Quelle est la vitesse (horizontale, bien sûr) de la station spatiale par rapport au sol ? En fait, l'altitude n'a guère d'importance vu qu'elle est faible, on pourrait se poser la question au niveau du sol : à quelle vitesse faut-il se déplacer à la surface de la Terre pour être en orbite au niveau du sol, c'est-à-dire, ne plus sentir de poids ? La réponse est simplement, à la vitesse v telle que l'accélération centrifuge ressentie du fait de parcourir le tour de la Terre à vitesse v compense justement l'accélération g de la pesanteur. C'est-à-dire v²/R = g ou v=√(R·g). Comme R vaut environ 6400km (soit 6.4×106m) et g vaut 9.8m/s², on en déduit une vitesse de 7900m/s (ou 28000km/h) : juste en allant tout droit à cette vitesse on est en état d'impesanteur. (Pour la station spatiale, c'est un chouïa moins, 7700m/s.) C'est amusant parce que, à un chiffre significatif, le calcul se fait vraiment de tête, sans rien savoir : je pense que c'est un bon test pour savoir si quelqu'un a compris sa physique de lycée, « quelle est la vitesse de la station spatiale internationale ». On peut aussi y arriver avec la troisième loi de Kepler ou avec le principe que, pour un objet en orbite circulaire, l'énergie cinétique égale −½ fois l'énergie potentielle gravitationnelle.

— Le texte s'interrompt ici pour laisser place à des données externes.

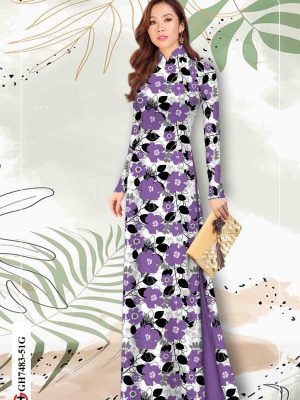 Vải áo dài hoa đều thiết kế 2020 AD GH7483 29 1603340939 293 Vai ao dai hoa deu thiet ke 2020 AD GH7483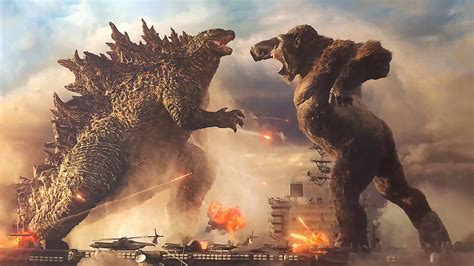 2048x1152 Godzilla Vs King Kong Wallpaper 2048x1152 Resolution HD 4k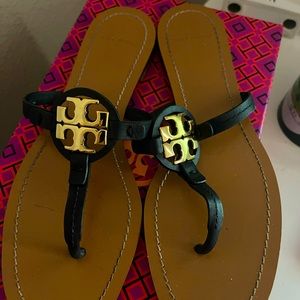 Tory Burch mini miller leather sandal
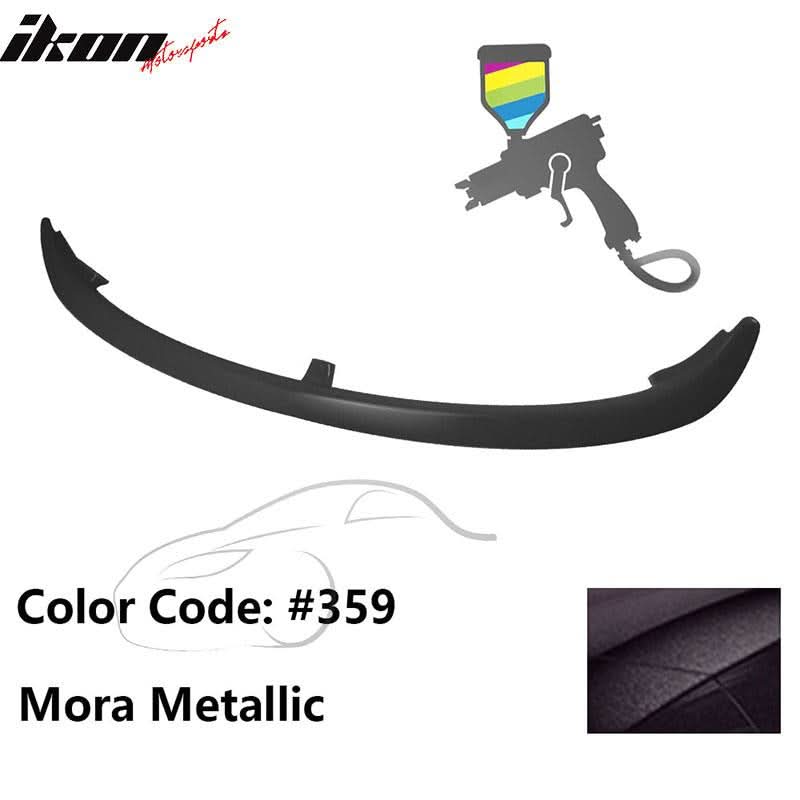 2007-2013 BMW E92 3 Series Coupe AC Rear Trunk Spoiler ABS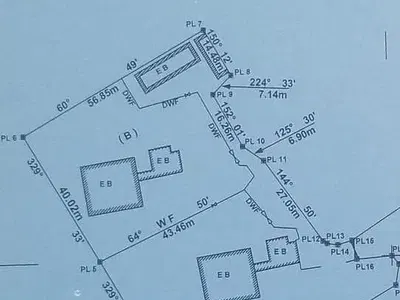 4700 SQM Land — Oduduwa Crescent, Ikeja, Lagos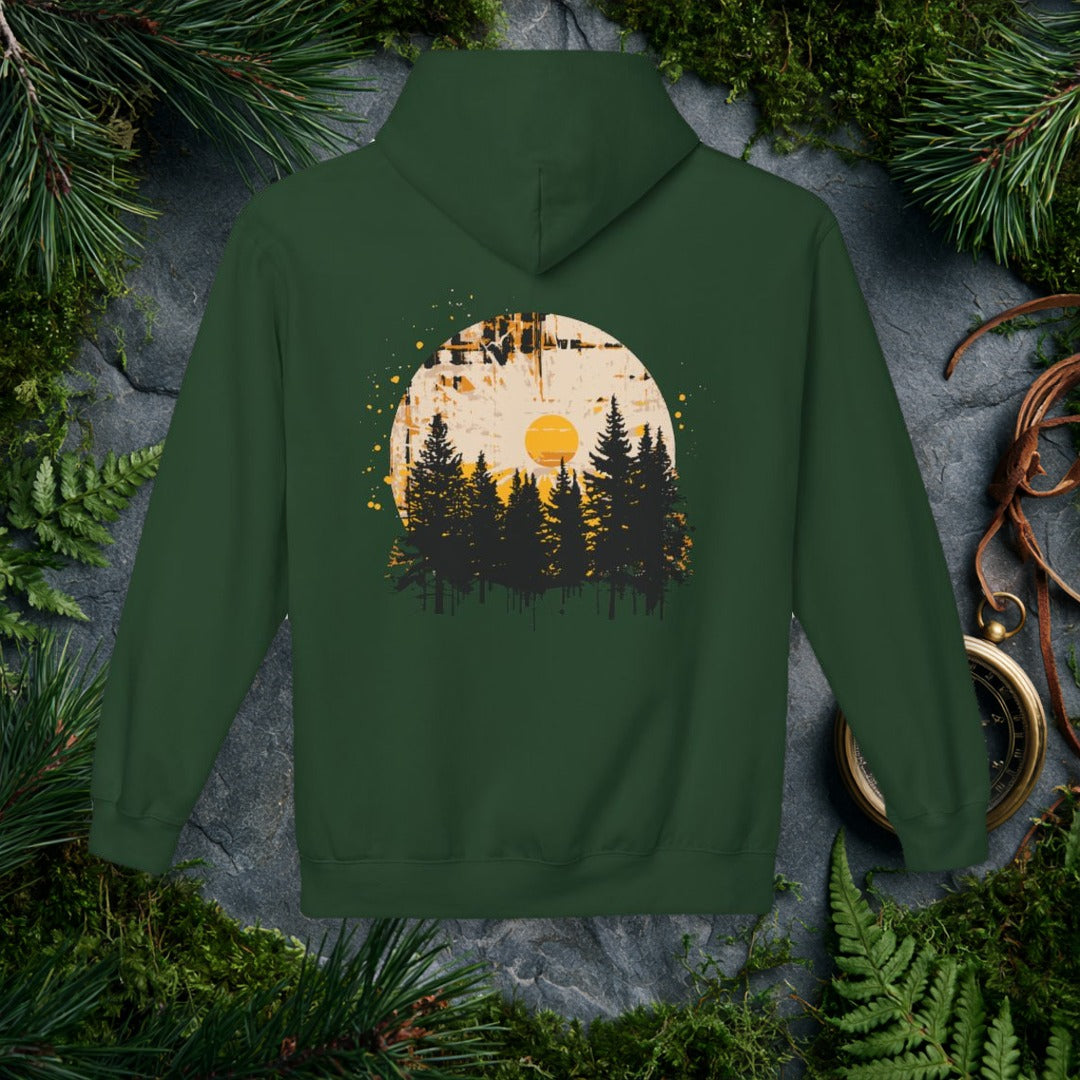Forest Green mockup (view 1)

Et il y a un rapport avec la première chose que je racontais. En effet, mettons que je monte à une certaine hauteur h (très petite devant le rayon R de la Terre) : depuis cette hauteur, je vois le sol jusqu'à une distance d=√(2R·h) (c'est-à-dire R·α avec mes notations précédentes) ; eh bien cette distance est justement celle v·t que parcourt la station spatiale (ou du moins un objet en orbite au niveau du sol) dans le temps t=√(2h/g) qu'il faut pour qu'un objet en chute libre (sans frottements) tombe depuis la hauteur h. Pour dire ça de façon plus imagée : si je monte en haut d'une tour et que quand la station spatiale est à mon niveau je fais tomber une balle du haut de cette tour, la balle touche le sol au même moment que la station arrive au niveau de mon horizon de visibilité. Ce n'est pas un hasard : c'est justement ce que fait la station : de façon très imagée, elle est en chute libre et, pour compenser cette chute libre, elle doit se déplacer à juste la distance qu'il faut pour que la convexité de la Terre crée la même hauteur sous ses pieds.

Ça me fait penser à une autre égalité astucieuse un peu dans la même ligne de pensée : si la Terre s'arrêtait brutalement sur son orbite, combien de temps faudrait-il pour qu'elle tombât dans le Soleil ? (Je pose la question avec la Terre et le Soleil plutôt qu'avec un objet qui orbiterait la Terre au niveau de la surface, parce qu'il faut que la source de gravité soit ponctuelle.) La réponse est : à peu de choses près, trois mois. Pourquoi ? parce que la troisième loi de Kepler s'applique encore pour décrire la trajectoire elliptique dégénérée de la chute en question, dont le demi-grand-axe est quasiment le même que la trajectoire orbitale précédente, c'est-à-dire une distance Terre-Soleil, donc la période orbitale doit être la même, et le temps de tomber dans le Soleil correspond à un quart de période, i.e., le quart de douze mois. (Cette question avait été posée au Concours général de physique l'année où je l'avais passé, et j'avais été assez content de trouver cette réponse.) [Correction () : Je dois mal me rappeler la question, parce que, comme on me le signale en commentaire, j'ai mélangé grand-axe et demi-grand-axe dans cette histoire : la trajectoire de chute a un grand-axe égal au demi-grand-axe (rayon) de la trajectoire normale de la Terre (et par ailleurs le temps de chute est une demi-période), donc on ne peut plus rien dire d'intelligent (à moins d'invoquer la relation précise dans la troisième loi de Kepler, ce qui fait 3/√2 mois, mais n'est clairement pas l'esprit donc le problème devait être différent ; peut-être qu'il s'agissait simplement de trouver un ordre de grandeur).]